WASHINGTON -- Rep. John Culberson (R-Texas) frequently rails against government spending and the need for a smaller federal bureaucracy. Responding to President Barack Obama's State of the Union address in January, Culberson said, "The fact of the matter is that government can't create jobs like the private sector and government doesn't add value to the economy."
But in an email to his constituents about "job search resources," the two websites he highlighted were sites that focus on government and lobbying jobs.
In the email sent on Friday, Culberson wrote, "As your representative, I have worked to keep tax rates low and limit the size of government so businesses can grow and create jobs. With over 153 million people in our nation's labor force, we are a productive and hard-working country struggling through a turbulent economy."
"In an effort to help those of you who are looking for work, I have pulled together some resources that list a number of job vacancies in our area," he added.
The email then pointed constituents to two websites: USAJOBS -- The Federal Government's Official Jobs Site and Public Affairs Links, which describes itself as "the world's top website for careers in the lobbying industry."
"Additional listings are available on my website," continued Culberson, sending email readers to a page on his congressional site with links to the career pages of many local businesses.
The fact that Culberson chose to send an email highlighting his efforts to limit the size of the federal government on one hand, while advertising the need for individuals to fill federal vacancies and lobbying positions on the other, is at least an acknowledgment that public sector jobs are real jobs -- despite what other members of his party have asserted.
When asked about the choice of USAJOBS and Public Affairs Links, Culberson spokesperson Loree Thompson replied, "Congressman Culberson actually highlighted over 50 private sector job listing databases in the newsletter you are referring to.
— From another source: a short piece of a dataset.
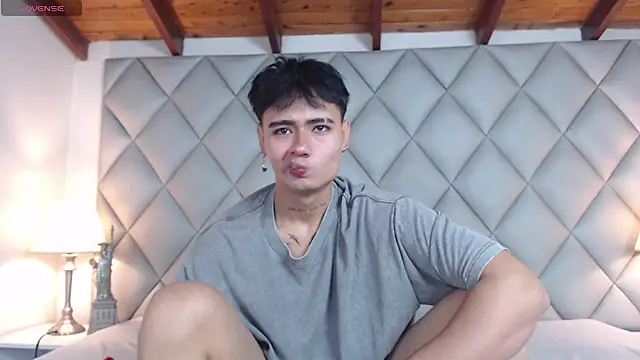 Clement Reyes online show from October 2025 01:02:01 PM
He did so with a link to our website toward the end of the letter. Due to Franking rules, we were only allowed to include government job listings in the actual email."
While Culberson's email described Public Affairs Links as a place where people can "subscribe to a email publication of government job listings," the site doesn't actually appear to list government jobs. Instead, it has openings for groups that lobby the government. For example, there's an ad for a director of public affairs and grassroots advocacy at the National Association of Manufacturers and another for a legislative and regulatory analyst at the American Insurance Association.
Thompson said via email that the Public Affairs Link was "approved by and coincides with all Congressional Franking rules."
"The purpose of the newsletter was simply to provide job opportunities for any of Congressman Culberson's constituents that may be looking for work during a time when, as you know, over 13 million Americans are unemployed," added Thompson.
In late August, a group of protesters gathered outside Culberson's Houston office to hold a mock funeral for high-wage jobs in Texas.
"My brothers and my sisters, we are assembled here today to mourn the passing of the jobs in Texas. Jobs died because of a steady influx of minimum-wage jobs, tax breaks for corporations and the super-rich, and the policies of politicians like Rep. John Culberson," said Rev. Louis Dorsey at the rally organized by Good Jobs = Great Houston.
State and local governments shed 200,000 jobs last year, according to the U.S. Census. Texas actually had the biggest gain in state workers from 2009 to 2010, seeing a 5.9 percent increase (17,800 full-time jobs). "Local governments in Texas also added the most part-time jobs of all cities, counties and towns, 24,731," reported Reuters.